» WORK INSTRUCTION
Print exactly, and only, the lines from the one containing "ShanYun Xiaoshe Homestay" through the last line of the records below, both included; leave out the pictures.

» EXTRACTED MATERIAL
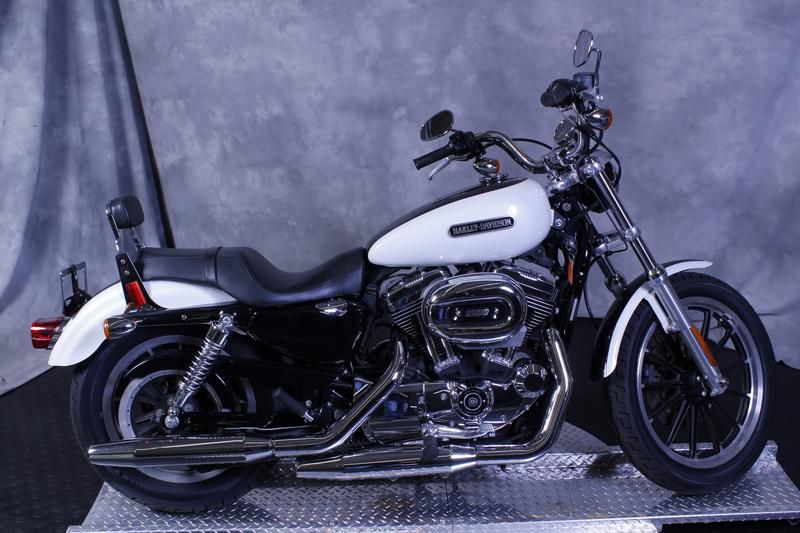 2007 Harley-Davidson XL1200L - Sportster 1200 Low Standard 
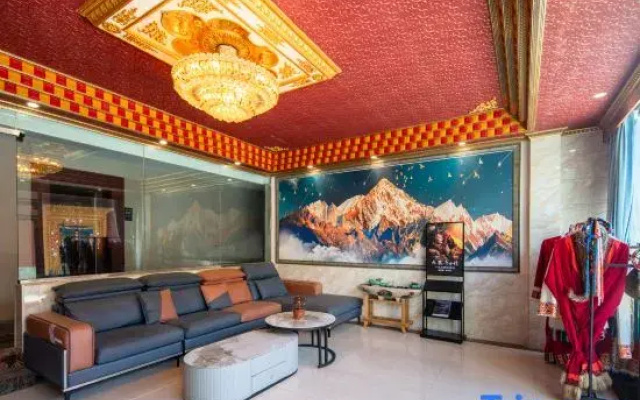 ShanYun Xiaoshe Homestay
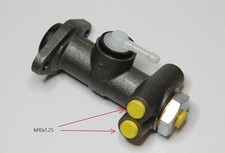 CLASSIC FIAT 500 D F L BRAKE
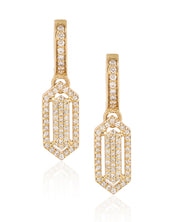 Hexa Flex Hoops | AMARIS JEWELS | Fine Jewelry 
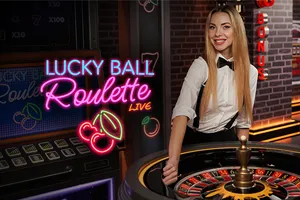 Lucky Ball Roulette Live - NEXTSLOT777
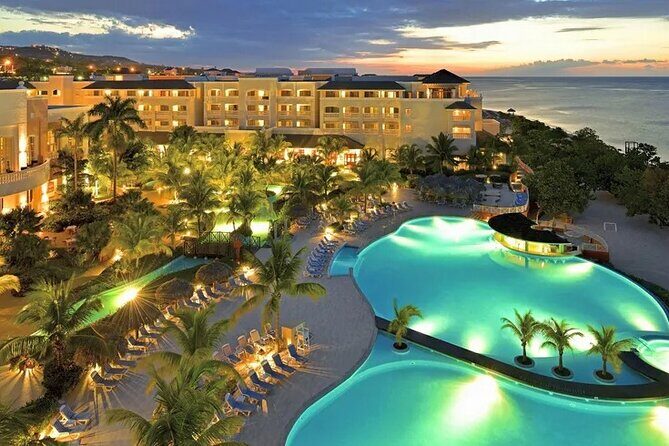 Private Round Trip Airport Transfer From Montego Bay Hotels - The Real-World Benefits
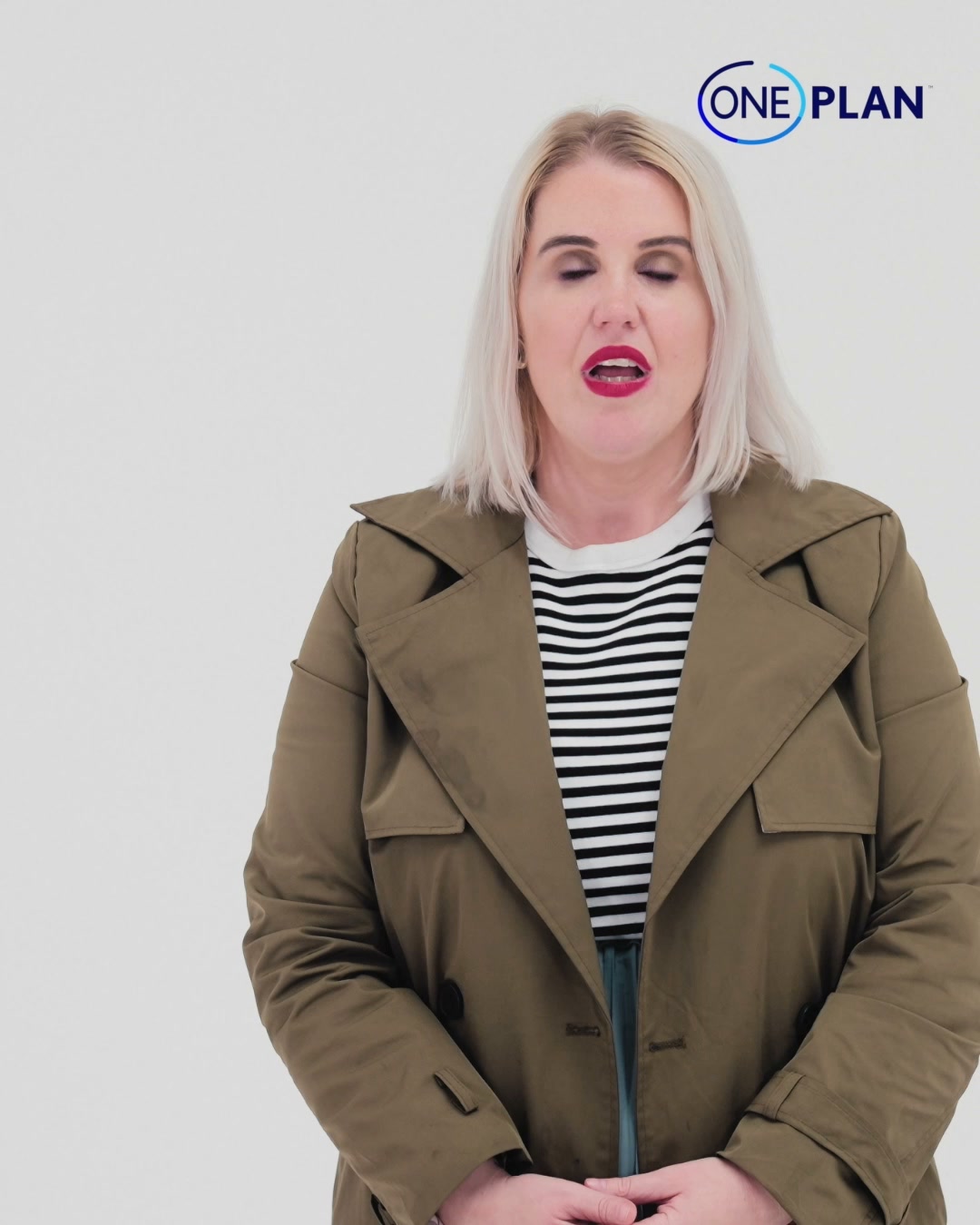 Oneplan Gap Cover Facebook ad: Covered doesn't always mean covered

» RESPONSE FOR THIS EXERCISE
 ShanYun Xiaoshe Homestay
 CLASSIC FIAT 500 D F L BRAKE
 Hexa Flex Hoops | AMARIS JEWELS | Fine Jewelry 
 Lucky Ball Roulette Live - NEXTSLOT777
 Private Round Trip Airport Transfer From Montego Bay Hotels - The Real-World Benefits
 Oneplan Gap Cover Facebook ad: Covered doesn't always mean covered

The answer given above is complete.